Politique

Le plan du Hamas avant les discussions sur le désarmement : intégrer ses forces de police à Gaza


Le Hamas cherche à intégrer ses forces de police, au nombre de 10 000 éléments, dans un nouveau plan, à l’approche des discussions sur le désarmement.

C’est ce qu’a rapporté l’agence Reuters, citant des sources informées restées anonymes.

Le Hamas contrôle moins de la moitié de la bande de Gaza à la suite de l’accord de cessez-le-feu conclu en octobre dernier sous médiation américaine, qui conditionne un retrait supplémentaire des forces israéliennes à l’abandon par le mouvement de ses armes.

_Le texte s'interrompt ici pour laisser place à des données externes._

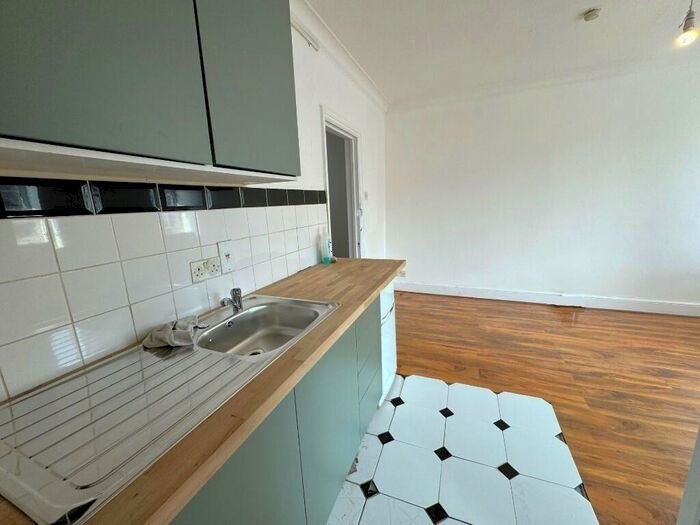 1 Bedroom Flat To Rent In Hendon, London, NW4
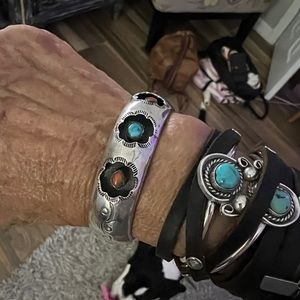 Vintage Native American SS/turquoise/coral Shadowbox cuff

Le plan américain en 20 points visant à mettre fin à la guerre, entré dans sa deuxième phase, prévoit le transfert de la gestion de Gaza à la Commission nationale pour l’administration de Gaza, une instance technocratique palestinienne placée sous supervision américaine, dont l’objectif est d’écarter le Hamas.

Dans un message adressé à ses employés dimanche, que Reuters dit avoir consulté, le gouvernement du Hamas à Gaza a exhorté plus de 40 000 fonctionnaires civils et agents de sécurité à coopérer avec la Commission nationale, tout en leur assurant qu’il œuvrait à leur intégration dans le nouveau gouvernement.

Quatre sources informées ont indiqué que cela inclurait la force de police administrée par le Hamas, forte d’environ 10 000 hommes, une exigence qui n’avait pas été rendue publique auparavant.

Beaucoup de ces agents patrouillent dans Gaza alors que le Hamas rétablit par la force son contrôle sur les zones sous sa domination.

Il n’est pas encore établi si Israël, qui rejette catégoriquement toute implication du Hamas dans l’avenir de Gaza, acceptera l’intégration des employés civils et sécuritaires au sein de la Commission nationale pour l’administration de Gaza.

Points de désaccord

Des divergences majeures persistent, les projets du Hamas concernant ses forces de police et leur personnel révélant de profondes différences entre le mouvement et Israël, tandis que le président Donald Trump poursuit la mise en œuvre de ses plans.

La semaine dernière, Trump a accueilli la cérémonie de signature de la création du « Conseil de la paix », qui doit agir comme une administration transitoire chargée d’établir le cadre général et de coordonner le financement de la reconstruction de Gaza.

Ce cadre comprend une clause interdisant aux « organisations terroristes étrangères » de participer au pouvoir.

Hazem Qassem, porte-parole du Hamas, a déclaré à Reuters que le mouvement est prêt à transférer immédiatement l’administration à la Commission nationale pour l’administration de Gaza, composée de 15 membres et présidée par Ali Shaath.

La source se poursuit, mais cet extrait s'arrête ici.